Could Cannabis Valuations Fall Even Further?
What is down can still drop more, even with good business fundamentals
There are good reasons to think that share prices will bounce back in 2024. But there are also reasons to worry.
A newish but rapidly emerging capital markets player could be a 2024 spoiler.
Whatcha talkin about Willis
The villain are secondary market funds & investors (SM). The secondary market is the multi-billion dollar private buying & selling of investor shares. SM’s feast on high-flying but hurting industries like tech, and worryingly cannabis.
SMs will swoop in to make lowball share purchase offers to investors or employees eager to sell.
Cannabis’ long drought of M&A exits, dividend payments, depressed share prices and initial public offerings may force early-stage investors (family offices, venture capitalists and high net worth angel investors) to offload their stock at a deep discount versus current share prices, not to mention previous highs.

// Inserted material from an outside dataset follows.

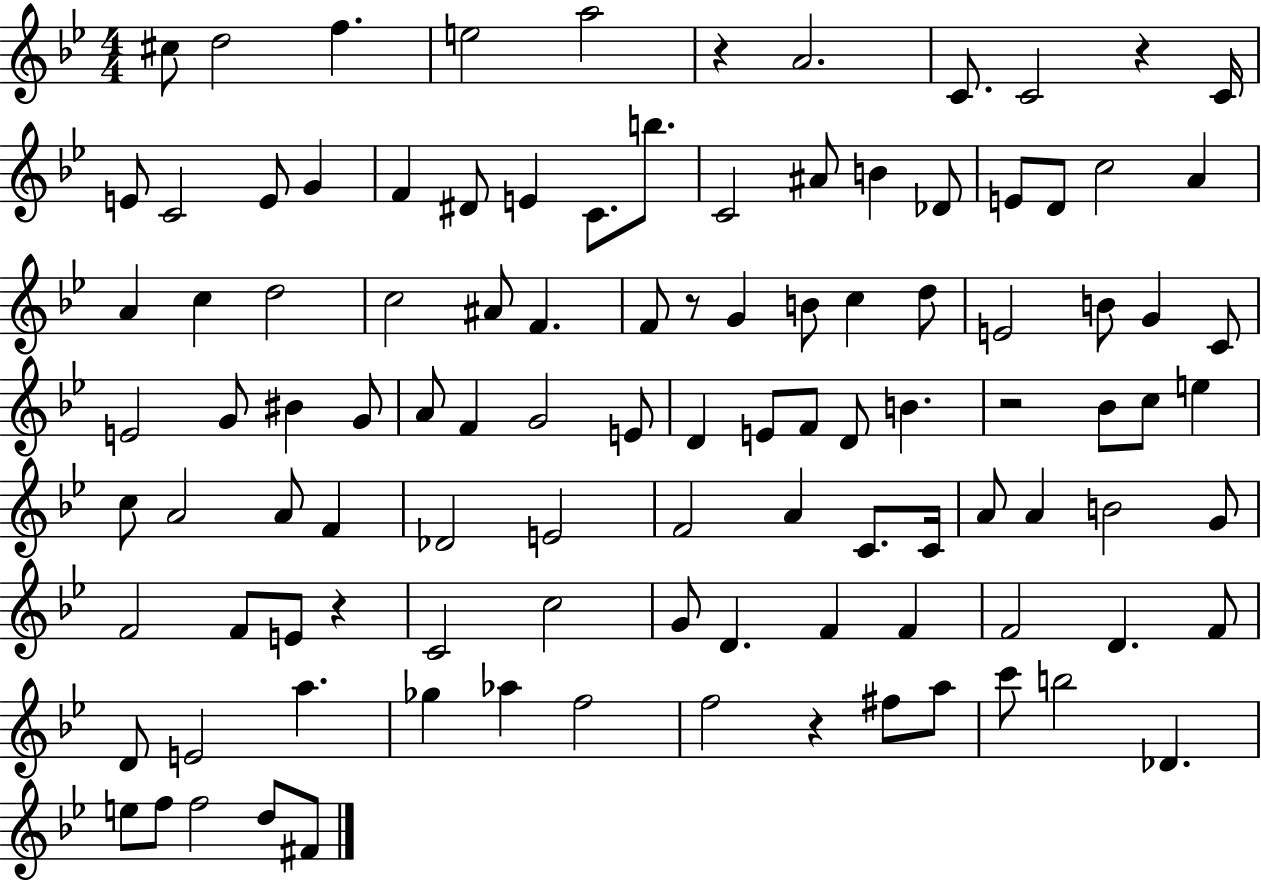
C#5/e D5/h F5/q. E5/h A5/h R/q A4/h. C4/e. C4/h R/q C4/s E4/e C4/h E4/e G4/q F4/q D#4/e E4/q C4/e. B5/e. C4/h A#4/e B4/q Db4/e E4/e D4/e C5/h A4/q A4/q C5/q D5/h C5/h A#4/e F4/q. F4/e R/e G4/q B4/e C5/q D5/e E4/h B4/e G4/q C4/e E4/h G4/e BIS4/q G4/e A4/e F4/q G4/h E4/e D4/q E4/e F4/e D4/e B4/q. R/h Bb4/e C5/e E5/q C5/e A4/h A4/e F4/q Db4/h E4/h F4/h A4/q C4/e. C4/s A4/e A4/q B4/h G4/e F4/h F4/e E4/e R/q C4/h C5/h G4/e D4/q. F4/q F4/q F4/h D4/q. F4/e D4/e E4/h A5/q. Gb5/q Ab5/q F5/h F5/h R/q F#5/e A5/e C6/e B5/h Db4/q. E5/e F5/e F5/h D5/e F#4/e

This highly discounted selling inevitably drives down valuations.
The most vulnerable (or lucky) are private & thinly-held public company investors and employees who have lost patience, need liquidity or are looking to recalibrate their investment portfolios. For example, cannabis-investing VCs may want to deploy their remaining capital elsewhere. Or they may need to return cash to their limited partners, many of whom are struggling themselves.
Employees with large holdings may see the secondary market as a critical release valve when the stock has low trading volumes, their options are underwater or they see a dearth of M&A or IPO opportunities. Firms eager to retain key employees may look to the SM to sell their stock.
The secondary market is not new. Recently, a spate of new and existing funds have raised billions of dollars to capitalize on investor sell offs. Any sector plagued by a shortage of risk capital, limited financial exits, depressed share prices and high interest rate will be in SM crosshairs.
Cannabis, anyone?
Sellers beware
Lower valuations is not a firm’s only concern. The SM can resemble a souk, is more lightly regulated, and is far less liquid than public markets. And secondary markets are not immune to two big 2024 risks: continued high rates and new geo-political shocks.
I could be wrong. Or, I can continue my forecasting winning streak where I predicted a quick rise to record high interest rates, the shift of risk capital to safer harbours and continued weakness in market caps despite growing profitability.
For some investors & employees, the SM may be the only exit game in town. Cannabis firms need to understand the implications of this market while focusing on building great businesses.